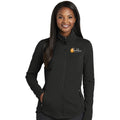 Beehive Port Authority Women's Collective Smooth Fleece Jacket - L904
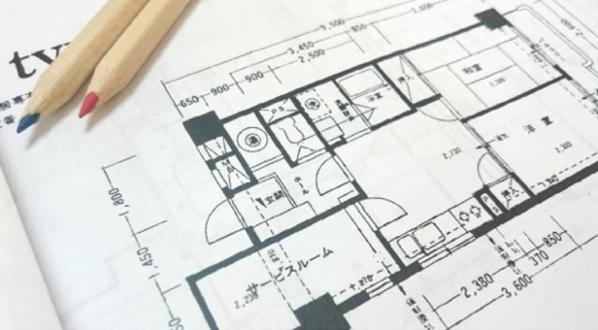 【一級建築士】建築実施図作成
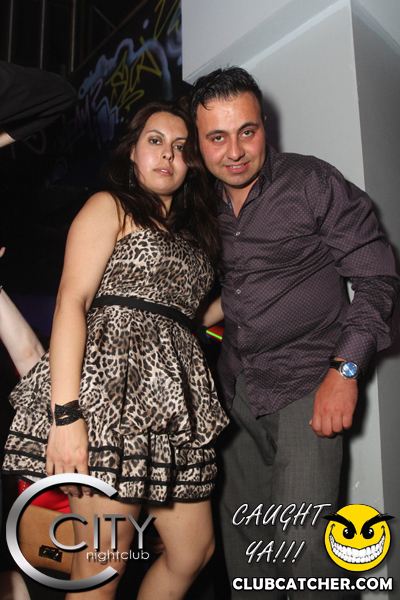 City nightclub photo 60 - June 2nd, 2012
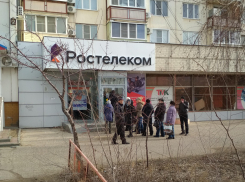 В Камышине Ростелеком пошел в соцсети, чтобы как-то снять напряжение среди возмущенных потребителей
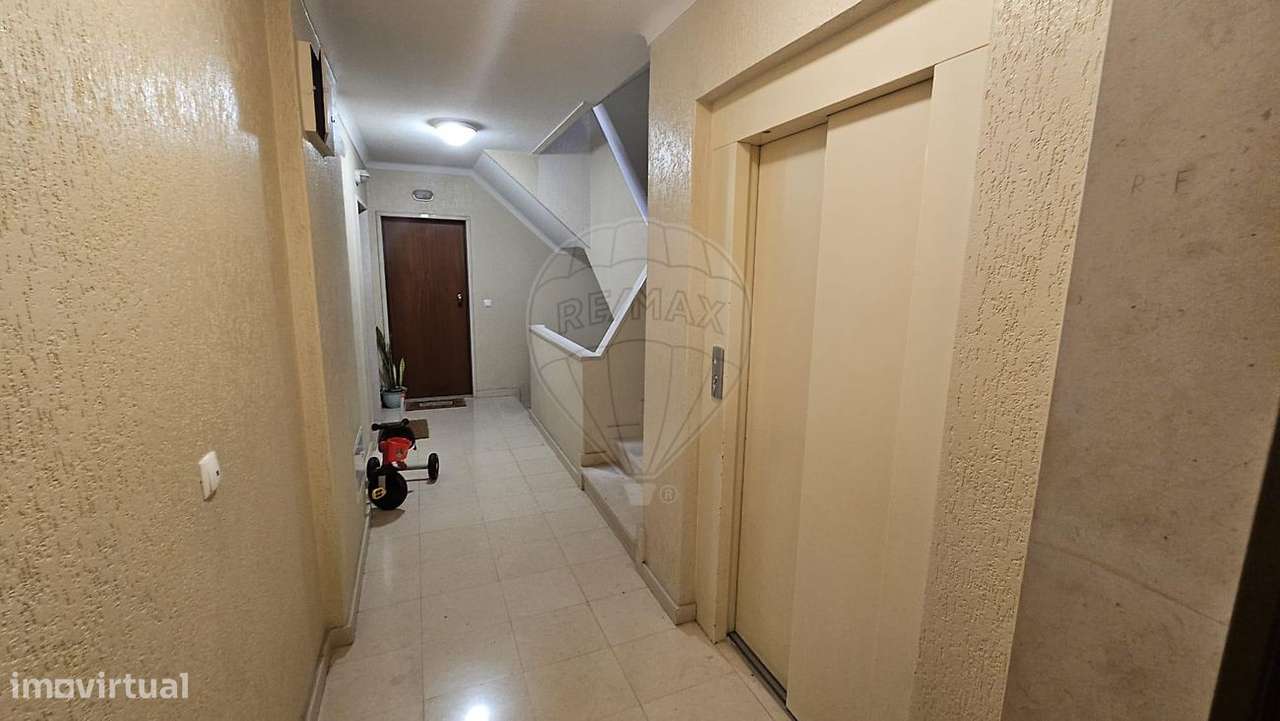 Apartamento T2 para venda - Grande imagem: 3/24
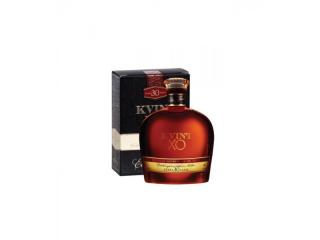 Kvint Brandy 30y 40% 0,5 l (karton)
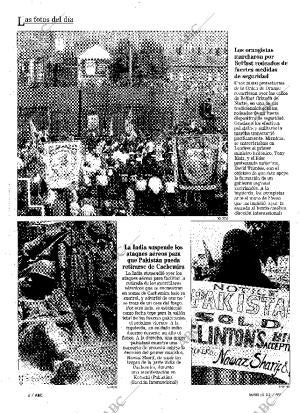 ABC MADRID 13-07-1999 página 6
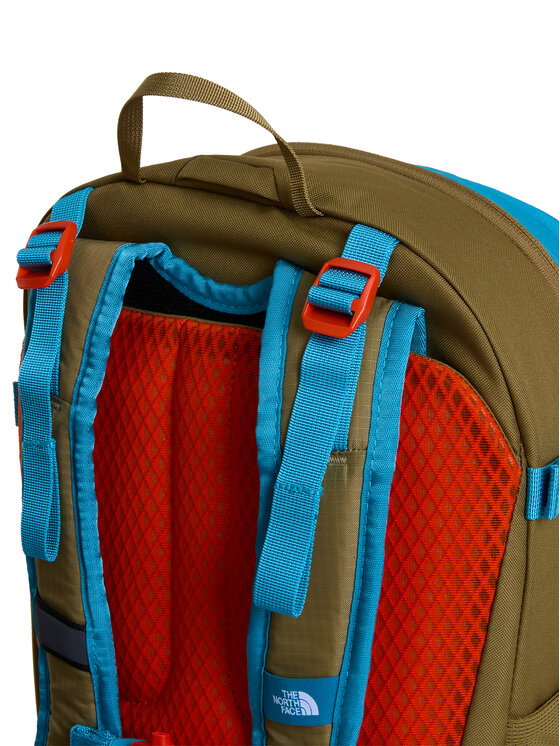 The North Face Раница The North Face Basin NF0A87SJNPO1 Цветен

**AIM OF THE TASK:**
Exactly those lines that run from the line holding "В Камышине Ростелеком" to the end of the listing above, both included, are to be reproduced, with pictures left out.

**ANSWER BOX:**
 В Камышине Ростелеком пошел в соцсети, чтобы как-то снять напряжение среди возмущенных потребителей
 Apartamento T2 para venda - Grande imagem: 3/24
 Kvint Brandy 30y 40% 0,5 l (karton)
 ABC MADRID 13-07-1999 página 6
 The North Face Раница The North Face Basin NF0A87SJNPO1 Цветен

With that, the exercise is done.